Qui ci vuole il wireless
Perfezionato quanto si vuole, l'endoscopio, però, non arriva ovunque. Ci sono regioni precluse dalla distanza: i lunghi meandri dell'intestino tenue, inaccessibili - se non con tecniche particolari - oltre il breve tratto iniziale del duodeno. Se capita per esempio un sanguinamento persistente, ed esofago, stomaco e colon appaiono in ordine, occorre esplorare i metri e metri di intestino tenue per ricercarne la causa. In questi casi, da pochi anni c'è la capsula endoscopica: una videocamera senza fili contenuta in una pillola che, ingoiata, trasmette le immagini delle pareti in cui scorre ed è poi recuperata nelle feci. Finora la capsula è consigliata soprattutto per ispezionare la mucosa dell'intestino tenue, per accertare le cause di sanguinamenti di origine ignota, scoprire piccoli tumori, diagnosticare e valutare la celiachia o il morbo di Crohn quando interessa questa regione.

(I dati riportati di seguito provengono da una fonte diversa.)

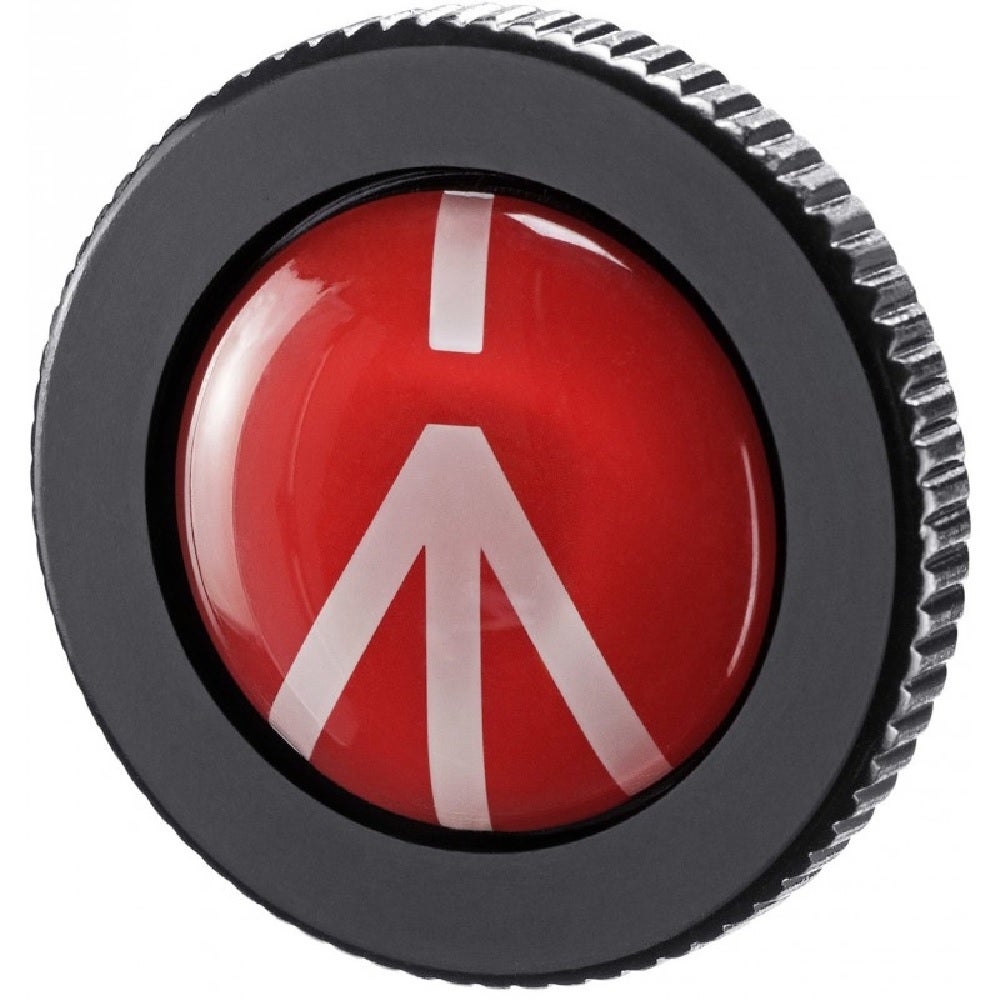 Manfrotto Round Quick Release Plate for Compact Action Tripods - Black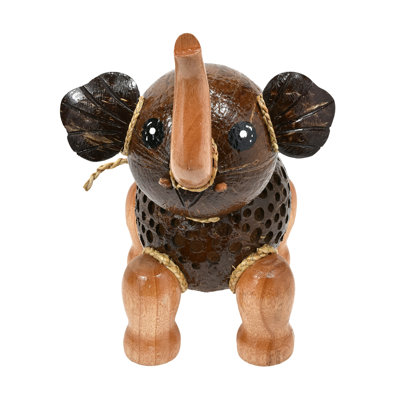 Sculpture adorable éléphant Jasha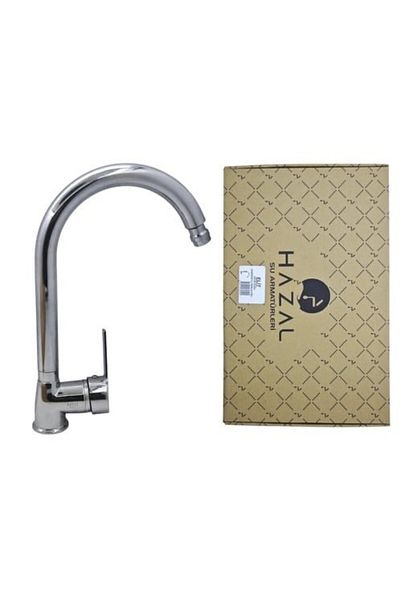 Hazal 8050 Hazal Elit Long Swan Sink Faucet - Movable Aerator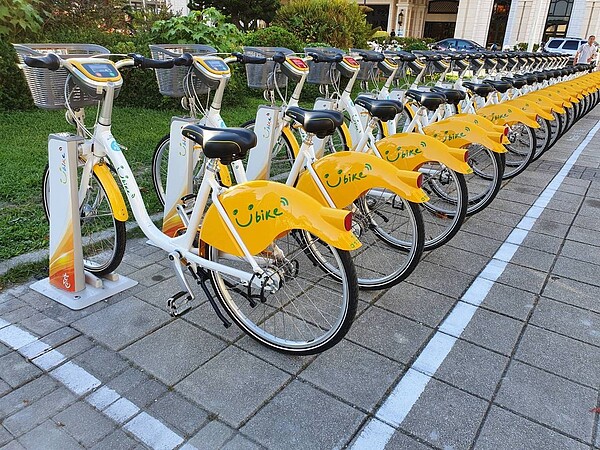 YouBike2.0目前已達成全市1200站擴建目標，YouBike1.0系統將於12月3日停止營運。記者楊正海／攝影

La tecnica tuttavia è giovane e in rapido progresso: la miniaturizzazione dei componenti permette di aggiungere nuovi strumenti per eseguire ulteriori analisi, per esempio dei contenuti gastrici. I ridotti consumi e il funzionamento intelligente, che la accende solo nel tratto d'interesse, e rallenta l'acquisizione delle immagini quando è ferma per accelerarla quando è in movimento, aumenta inoltre la durata delle riprese (finora uno dei suoi limiti), garantendo che completi l'esame senza esaurire le energie.

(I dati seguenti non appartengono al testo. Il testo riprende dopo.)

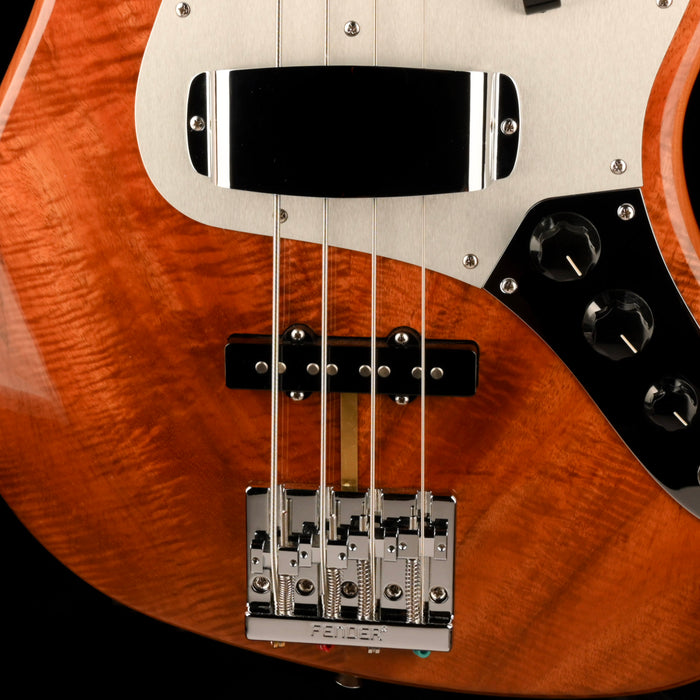Fender Custom Shop Exotic 1962 Jazz Bass Koa NOS Natural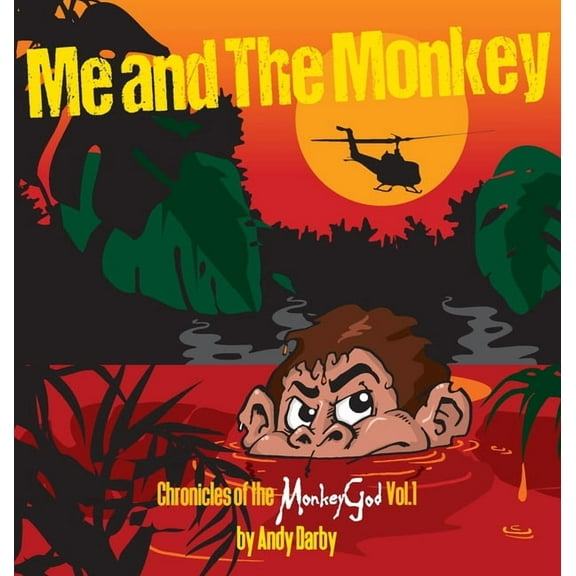 Me and The Monkey, (Hardcover)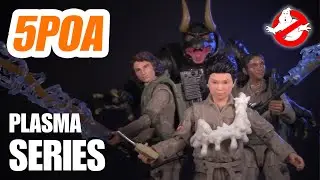 Ghostbusters Week - Hasbro Plasma Series Afterlife Sentinel Terror Dog Wave - 5POA Figure Review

Grazie a queste innovazioni, la capsula è in sperimentazione - anche al Gemelli di Roma - pure per la ricerca di polipi e cancri nel colon: se si mostrerà all'altezza, potrebbe essere un'alternativa più pratica dell'endoscopia e facilitare l'adesione ai programmi di screening.

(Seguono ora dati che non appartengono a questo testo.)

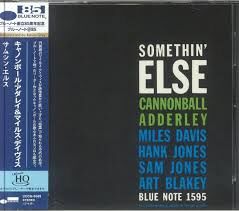CANNONBALL ADDERLEY - Something Else [UHQCD] jp ver.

L'endoscopio, infatti, può essere fermato anche da impedimenti fisici, come restrizioni del colon, o dalle remore di chi magari ha già avuto una colonscopia e ne serba ricordi sgradevoli (anche se di solito i fastidi sono blandi). Oppure può essere sconsigliabile per il pericolo di perforazioni. In questi casi si può ricorrere alla colonscopia virtuale o, più precisamente, colografia virtuale: partendo da una serie di immagini ricavate con la Tac, l'interno del colon è ricostruito al computer in due o tre dimensioni, simulando una vera colonscopia. "Si usa anche per visualizzare altri aspetti del colon come la diverticolosi, oppure varianti anatomiche come una lunghezza insolita, che predispone al colon irritabile", spiega Emanuele Neri, specialista in questa tecnica al Dipartimento di oncologia, dei trapianti e delle nuove tecnologie in medicina all'Università di Pisa: "È invece inutile per le malattie infiammatorie, perché non distingue se la mucosa è infiammata o no". Riguardo allo screening tumorale, due studi recenti, di cui uno italiano, hanno confermato la buona accuratezza della tecnica, non pari però a quella classica.
Interpretare le immagini
Di fatto, comunque, i nuovi strumenti forniscono immagini sempre più accurate. Ma che hanno bisogno di essere lette e interpretate. "L'interpretazione spetta sempre all'occhio umano", racconta Larghi: "Moltissimo abbiamo imparato dai giapponesi. Lì il cancro dello stomaco è molto diffuso, e gli endoscopisti hanno accumulato un'esperienza immensa facendo esami accuratissimi, lentissimi, scrutando con dedizione assoluta ogni particolare, così che ormai sanno riconoscere a occhio anomalie minime che noi nemmeno vediamo. Sono un po' come i cercatori di funghi".
Qualche aiuto, però, il computer lo può dare. "Esistono sistemi che mettono in allerta il radiologo segnalando le zone sospette", spiega Neri: "Non tutti li usano, ma ormai sono molto efficaci. Non sostituiscono l'occhio, perché sta sempre al medico confermare o meno la diagnosi, ma lo aiutano a non lasciarsi sfuggire qualche dettaglio, specie in situazioni come uno screening in cui bisogna leggere 10-15 esami al giorno: il medico si stanca e può distrarsi, il computer no".